A group of women dressed in traditional Rabha attire was spinning and whirling to a hypnotic, rhythmic beat. A village elder was singing the story of a wise bird. They were accompanied by folk instruments made of animal skin and bamboo sticks. I was munching on fresh fruits gathered from the surrounding forest.
Perhaps the loaded question had always been inside me, struggling to surface. And maybe sipping a glass of the heady, freshly brewed local liquor allowed the question to pop up in my head at just that moment.
Regardless, it got me thinking deeply about contrasting lives and identities. About how the identity of the Rabhas living in the remote village of Jimirigaon — and how do you define remote anyway — was so much in contrast with my own, a rootless, urban existence. The Rabhas seemed so much more sure of who they were, where they came from, and what they wished for from life.
The Rabhas are one of nine Schedule Tribes from the districts on the plains of Assam. The biggest concentration of their population is on the south bank of the Brahmaputra in the districts of Goalpara, Kamrup and Darrang.
I am in the village of Jimirigaon. Time seems to slow down here. And the identity of the Rabhas in this village is intrinsically linked to the slow pace of time. The process of living is savoured. The Rabhas have the look of satisfaction that comes from having reached the destination. They don’t appear to be in a hurry to reach somewhere, there’s no rush to do things, no struggle for survival.
As a city dweller, I am surrounded always by a stream of people hurrying through their lives; this seems normal to me. Rushing to catch a train, reaching work on time, finding time for entertainment and family. In the mad sprint, our identities — social, cultural, economic — get smudged. And the sole identity retained is that of a person rushing through life. There are many occasions when I don’t eat well or skip meals altogether because I have no time for it. Often, I am disoriented because I sleep in one city and wake up in another. I seldom get to see my loved ones because they are not my top priority in the long list of ‘to dos’. Staying still is not a part of who I am.
As we hurry through our urban lives, we say we are doing it so that we can form our own identity — become a doctor, engineer, fashion model. But when the pace of life consumes all, do we get close to what we set out to achieve? In Jimirigaon, the permanence of the tribal identity made me realise the transience of mine.
The village-dwelling Rabhas are who they are also because of the land they live on; which gives them livelihood and identity. Their food comes from these lands and forests. Their language refers to the soil they live on, the birds that flock the branches of these unique trees, the lakes that quench their thirst.
In contrast, it’s my transient relationship with location that is almost permanent. Constant movement seems to be my mode of living. Urban spaces are landless spaces. We live in vertical structures, separated even physically from the land.
I draw almost nothing from the land I inhabit at any point. On the move at all times, I barely have the time to learn about the history of the city I am in.

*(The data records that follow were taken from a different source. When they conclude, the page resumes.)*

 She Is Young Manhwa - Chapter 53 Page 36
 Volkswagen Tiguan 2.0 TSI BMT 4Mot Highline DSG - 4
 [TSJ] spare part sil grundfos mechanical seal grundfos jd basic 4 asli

Many times, I don’t speak the local language. I eat the same foods regardless of where I am. I use uniform, branded products across cities. And I enjoy the material comforts that all urban Indians of a particular socio-economic class get to enjoy.
On my way out of Jimirigaon, I encountered a construction labourer from Kerala who had come here on work. The juggernaut of “development” was slowly crawling towards communities such as the one in Jimirigaon.

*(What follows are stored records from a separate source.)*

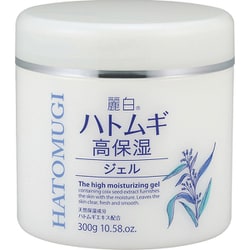 麗白 ハトムギ 高保湿ジェル 300g [保湿ローション]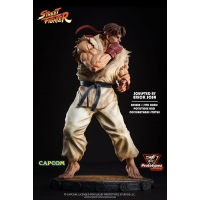 Prototype Z - Street Fighter Classic 1/4th Ryu Statue 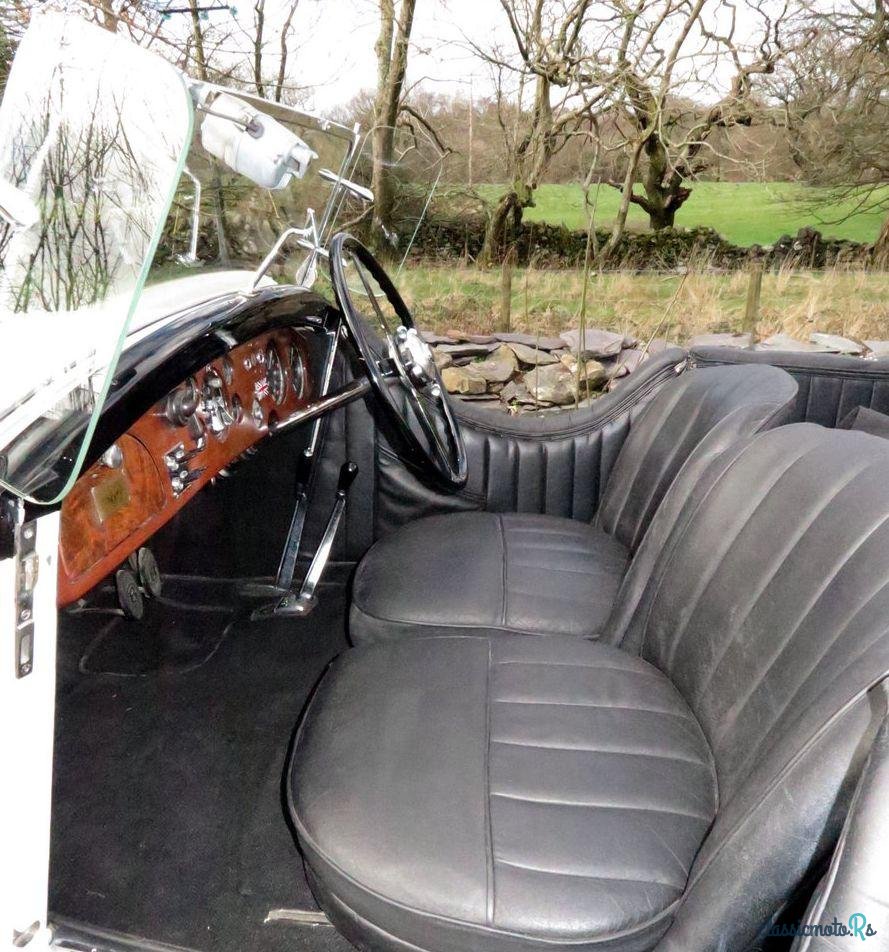 1935' Bentley photo #3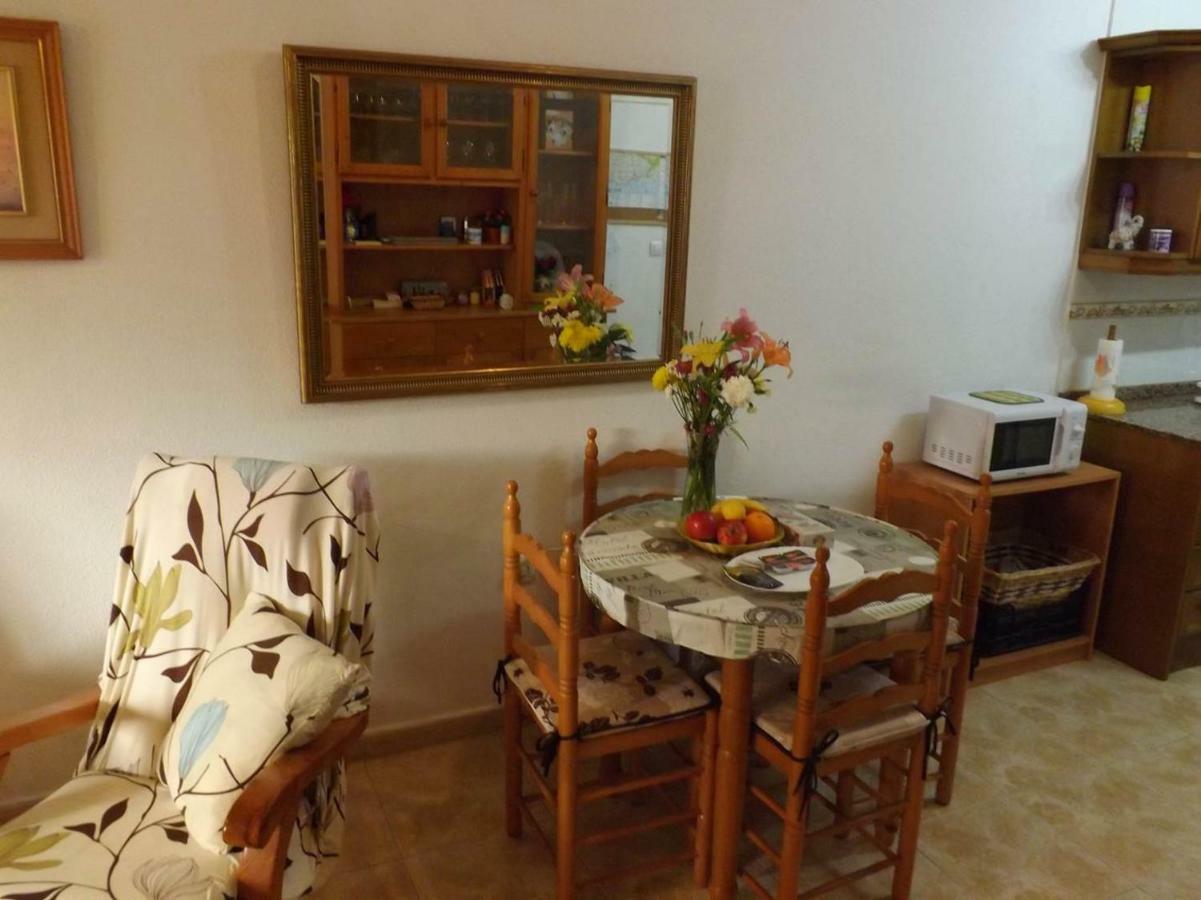 Nations Park Med Syndicate 6 Apartment Torrevieja Luaran gambar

It made me realise that while I was craving to halt, some of the younger villagers were yearning to run ahead. They wanted the freedom and anonymity and absence of history that urban spaces offer.
One such person was a dancer. We spoke, she did her best in broken Hindi because I could not understand either Assamese or the Rabha language. In a few minutes, the 17-year-old managed to tell me about her marriage to the man her father had chosen. Her craving for freedom was clear. We parted, each of us searching for new identities.